Capital structure decisions aims at determining the types
of funds a company should seek to finance its investment opportunity
and the preparation in which these funds should be raised.
The term capital structure is used to represent the proportionate
relationship between the various long-term forms of financing
such as debentures, long term debts, preference share capital
and equity share capital.
‘Leverage’ is the action of a lever or the mechanical
advantage gained by it; it also means ‘effectiveness’ or ‘power’.
The common interpretation of leverage is derived from the
use or manipulation of a tool or device termed as lever, which
provides a substantive clue to the meaning and nature of financial
leverage.
When an organization is planning to raise
its capital requirements (funds), these may be raised either
by issuing debentures and securing long term loan 0r by issuing
share-capital. Normally, a company is raising fund from both
sources. When funds are raised from debts, the Co. investors
will pay interest, which is a definite liability of the company.

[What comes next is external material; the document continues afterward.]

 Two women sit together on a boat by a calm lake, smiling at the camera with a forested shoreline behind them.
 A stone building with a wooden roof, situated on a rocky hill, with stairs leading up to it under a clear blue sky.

Whether the company is earning profits or not, it has to pay
interest on debts. But one benefit of raising funds from debt
is that interest paid on debts is allowed as deduction for
income tax. 'When funds are raised by issue of shares (equity)

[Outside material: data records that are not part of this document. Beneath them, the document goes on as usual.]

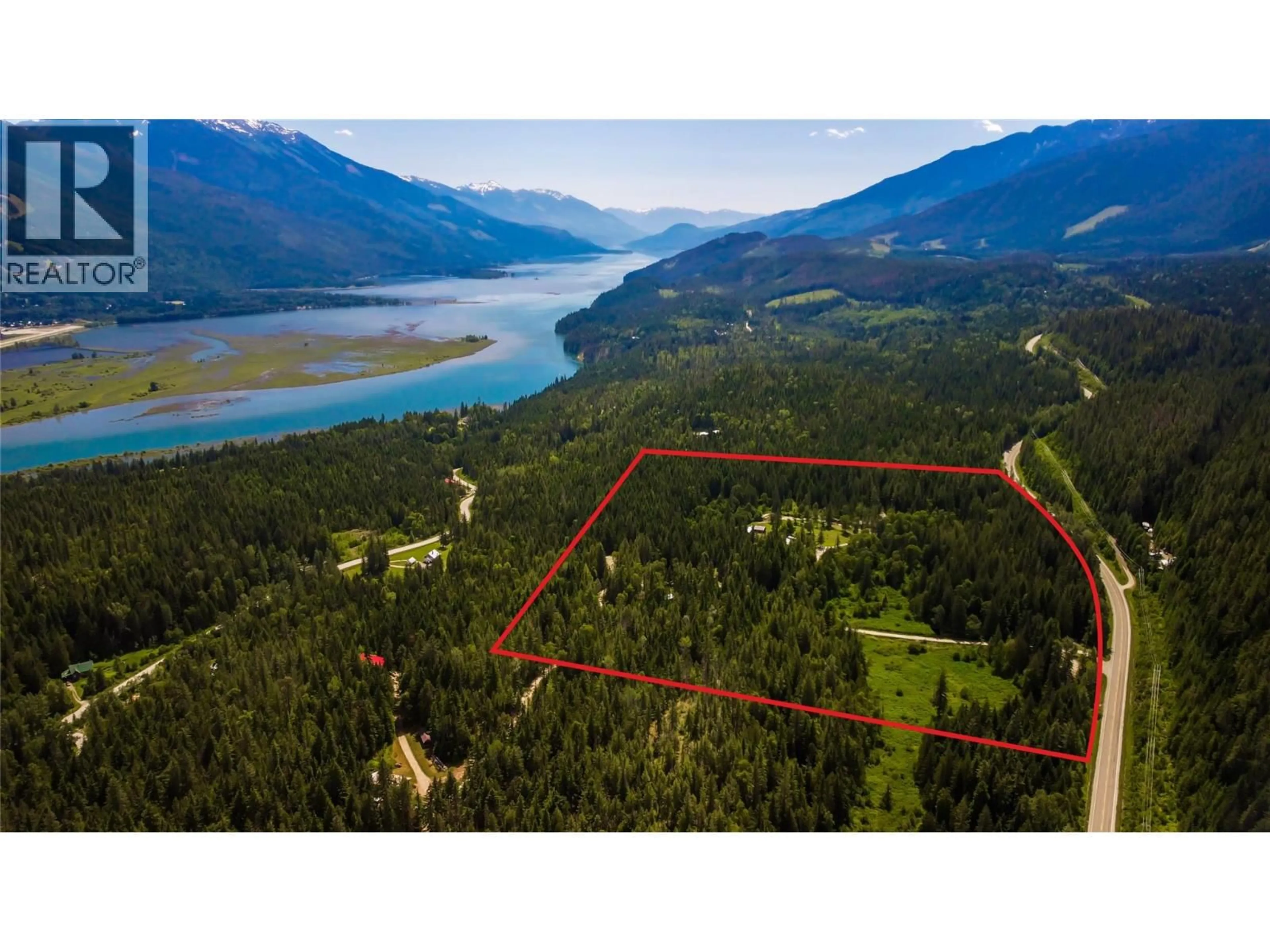 A pic from outside/outdoor area/front of a property/back of a property/a pic from drone, water/lake/river/ocean view for 1750 HIGHWAY 23 SOUTH HIGHWAY SOUTH, Revelstoke British Columbia V0E2S0
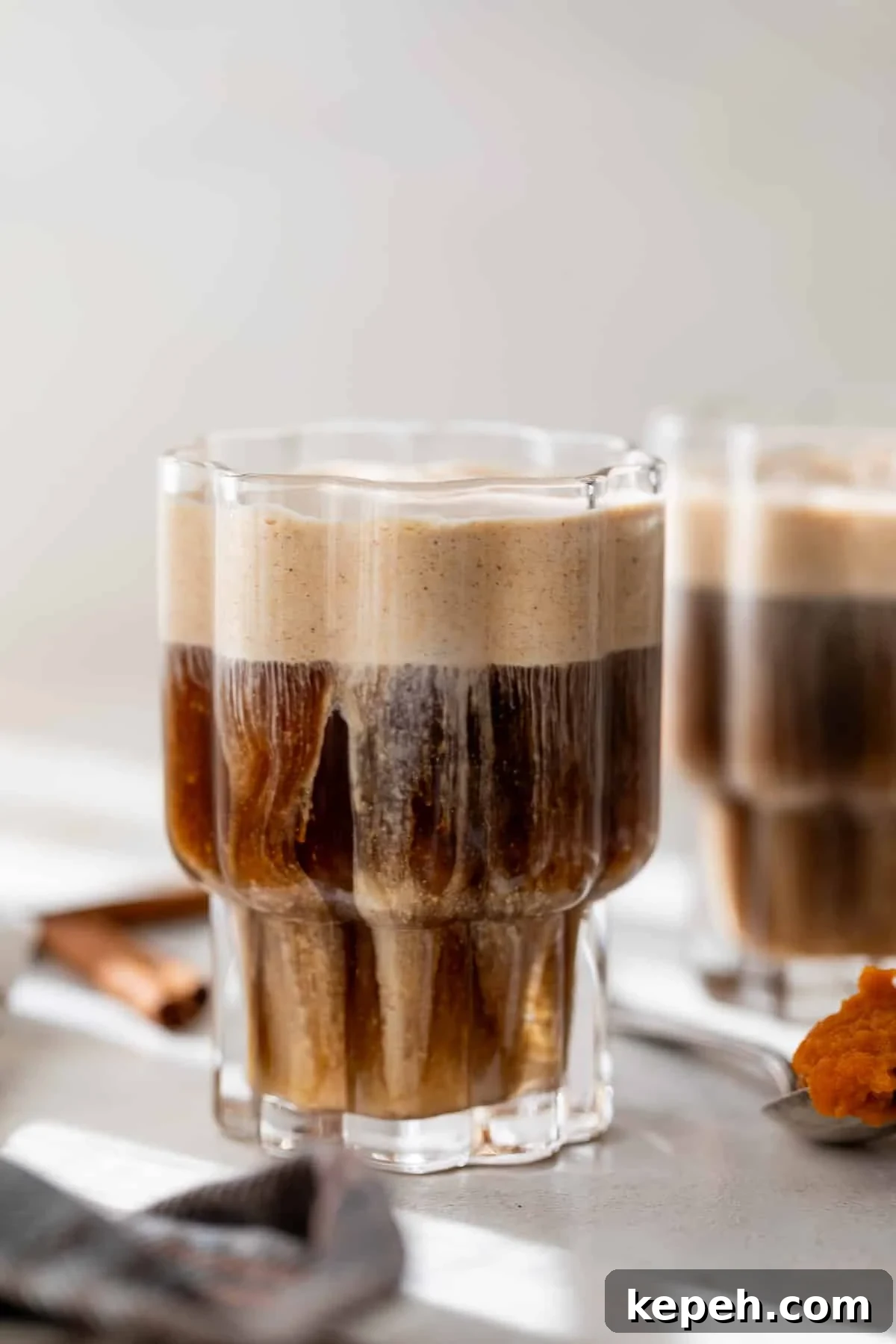 How to Make Pumpkin Cream Cold Brew 2 side view of a glass of pumpkin cream cold brew.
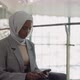 AfricanAmerican Business Woman in Hijab Texts on Phone - VideoHive Item for Sale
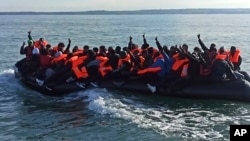 This photo provided by the Prefecture Maritime du Nord et de la Manche shows migrants continuing their journey to Britain off the northern coast of France, April 23, 2024. 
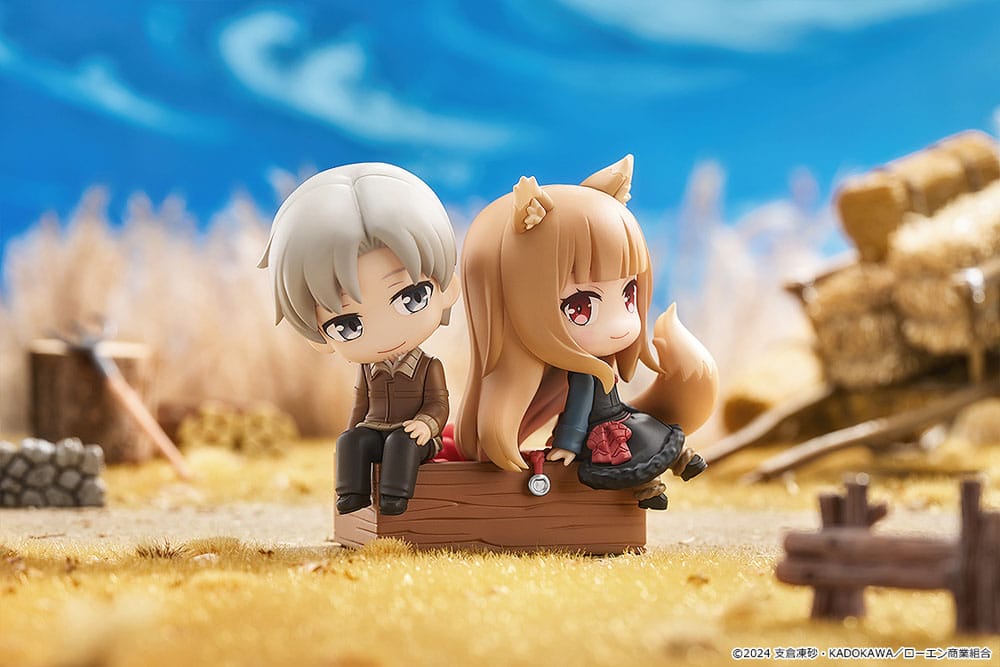 Spice and Wolf Mini Memory figure posed against a blue sky and haystack backdrop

, the investor are paid dividend on their investment. Dividends
are paid only when the Company is having sufficient amount
of profit. In case of loss, dividends are not paid. But dividend
is not allowed as deduction while computing tax on the income
of the Company. In this way both way of raising funds are
having some advantages and disadvantages. A Company has to
decide that what will be its mix of Debt and Equity, considering
the liability, cost of funds and expected rate of return on
investment of fund. A Company should take a proper decision
about such mix, otherwise it will face many financial problems.

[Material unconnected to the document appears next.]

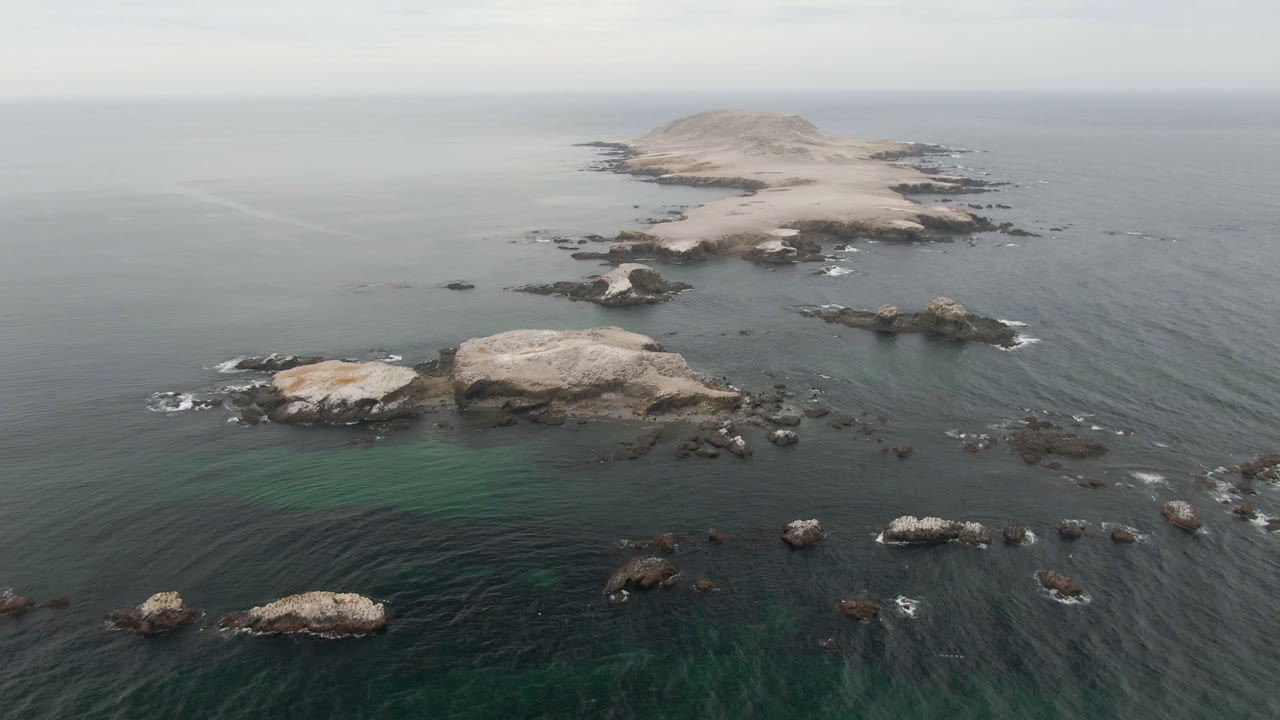 Aerial view in Bahia Ascuncion places pale foreground rocks below the rocky island, with muted ocean water and no visible people.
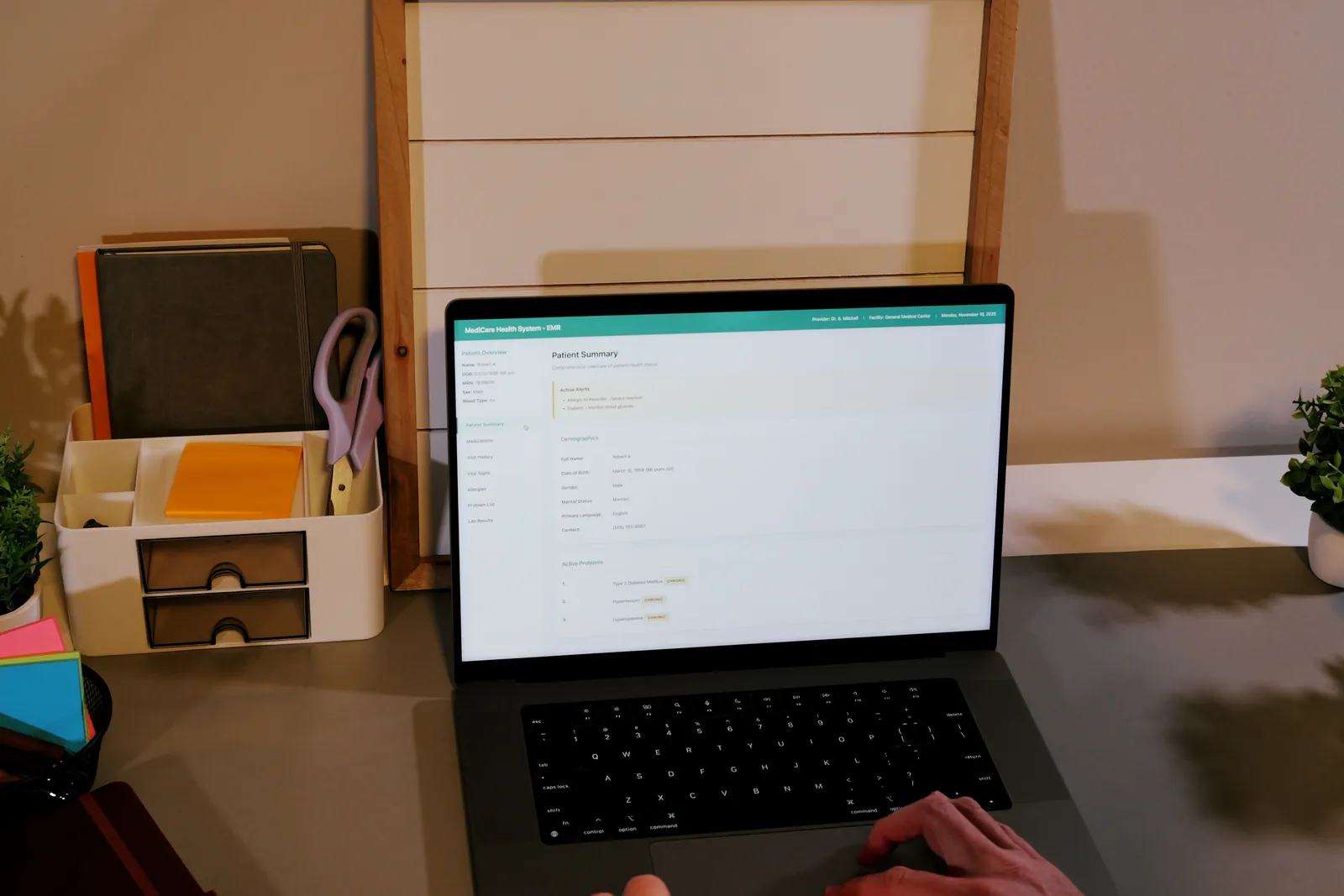 Notion template creator reviewing a live template preview and Gumroad sales dashboard on a laptop at a home office desk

For the purpose of determination of mix of debt and equity,
leverages are calculated and analyzed.
Capital Structure and Financial
Structure Distinguished
In finance literature one often finds the
terms capital structure and financial structure used interchangeably.
Capital structure of firm represents the proportionate relationship
between the various long-term forms of financial while financial
structure refers to the way the company’s assets are financed.
It is the entire left hand side of the balance sheet, i.e.,
long term and short term sources of funds. Thus, a firm capital
structure refers to the permanent financing pattern and is
only a part of its financial structure. An analysis of capital
structure involves the use of financial leverage factor.